Crónicas sobre esta estreita faixa de terreno (2)
Hoje vou falar-vos de oliveiras. As galinhas podem esperar.
As oliveiras aqui do sopé da Serra dos Candeeiros são maioritariamente da variedade galega. Tradicionalmente estas árvores eram de grande porte, com cinco ou seis metros de altura e oito ou dez de diâmetro. Noutros tempos, em que a mão de obra era jovem e abundante, subir a essas alturas não era um problema, mas com o passar dos anos, e com a mudança etária que o mundo rural sofreu, os acidentes na apanha da azeitona começaram a ser um tema incontornável.
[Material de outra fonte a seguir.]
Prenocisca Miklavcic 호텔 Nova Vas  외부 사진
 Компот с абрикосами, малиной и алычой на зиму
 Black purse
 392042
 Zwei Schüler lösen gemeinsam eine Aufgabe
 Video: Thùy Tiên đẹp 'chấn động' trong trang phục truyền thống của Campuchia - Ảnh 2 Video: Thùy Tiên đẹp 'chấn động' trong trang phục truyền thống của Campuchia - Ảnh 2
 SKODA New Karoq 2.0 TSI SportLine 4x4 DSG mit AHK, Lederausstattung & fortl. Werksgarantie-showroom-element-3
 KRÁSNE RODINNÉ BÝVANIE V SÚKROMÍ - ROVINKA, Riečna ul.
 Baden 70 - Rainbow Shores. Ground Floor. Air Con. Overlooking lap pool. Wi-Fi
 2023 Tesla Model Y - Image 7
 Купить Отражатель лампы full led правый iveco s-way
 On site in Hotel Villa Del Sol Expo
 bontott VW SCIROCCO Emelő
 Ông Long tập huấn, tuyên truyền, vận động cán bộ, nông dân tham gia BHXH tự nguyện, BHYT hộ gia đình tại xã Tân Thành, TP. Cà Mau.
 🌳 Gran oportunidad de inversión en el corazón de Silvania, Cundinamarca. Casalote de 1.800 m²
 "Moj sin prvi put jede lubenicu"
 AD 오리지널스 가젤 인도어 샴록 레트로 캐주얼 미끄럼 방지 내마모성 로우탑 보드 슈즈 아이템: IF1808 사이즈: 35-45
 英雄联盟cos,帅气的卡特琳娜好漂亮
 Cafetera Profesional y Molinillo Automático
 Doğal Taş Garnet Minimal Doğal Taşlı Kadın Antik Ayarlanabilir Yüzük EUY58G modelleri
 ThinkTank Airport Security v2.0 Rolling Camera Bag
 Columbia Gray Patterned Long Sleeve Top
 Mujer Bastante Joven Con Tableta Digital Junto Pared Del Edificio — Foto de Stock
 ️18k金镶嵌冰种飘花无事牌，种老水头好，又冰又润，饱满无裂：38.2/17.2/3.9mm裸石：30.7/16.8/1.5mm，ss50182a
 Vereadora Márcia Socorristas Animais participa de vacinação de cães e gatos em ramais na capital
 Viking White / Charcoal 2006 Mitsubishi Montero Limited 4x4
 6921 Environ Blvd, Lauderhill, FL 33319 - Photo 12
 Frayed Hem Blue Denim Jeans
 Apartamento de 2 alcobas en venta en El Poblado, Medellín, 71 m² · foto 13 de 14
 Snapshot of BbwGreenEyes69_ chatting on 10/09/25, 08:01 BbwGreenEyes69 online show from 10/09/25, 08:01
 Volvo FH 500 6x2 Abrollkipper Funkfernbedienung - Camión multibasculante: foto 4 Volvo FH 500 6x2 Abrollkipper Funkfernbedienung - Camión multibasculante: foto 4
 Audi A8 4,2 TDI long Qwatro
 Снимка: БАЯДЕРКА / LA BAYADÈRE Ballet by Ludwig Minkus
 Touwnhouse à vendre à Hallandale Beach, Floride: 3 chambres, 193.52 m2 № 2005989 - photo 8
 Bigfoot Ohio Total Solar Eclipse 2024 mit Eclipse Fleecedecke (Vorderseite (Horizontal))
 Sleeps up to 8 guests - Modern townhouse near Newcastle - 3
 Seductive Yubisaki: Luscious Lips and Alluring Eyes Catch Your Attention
Todos os anos pelo menos uma pessoa conhecida sofria um acidente grave ao cair de uma oliveira e, pouco a pouco, as árvores foram sendo 'derrotadas' com podas mais curtas tornando-se mais baixas e, por vezes, até desproporcionalmente largas.
Além da questão da segurança, a oliveira tem de ser podada para não ficar com o seu interior muito cerrado. A planta esforça-se muito mais para manter toda aquela vegetação e isso reduz a sua produção. Além disso, uma oliveira muito fechada complica muito a apanha da azeitona. O ano que se segue a uma destas podas é sempre menos produtivo, mas a prazo é uma boa opção.
As ovelhas entregam-se com afinco às sobras destas podas e rapidamente fazem desaparecer todas as folhas. É um ciclo perfeito. O excesso aparentemente inútil das oliveiras transforma-se em alimento. Sobram ainda os ramos que, agora despidos de folhas, servem para atear o forno, e até que esse dia chegue são um poiso muito apreciado pelas galinhas para pernoita.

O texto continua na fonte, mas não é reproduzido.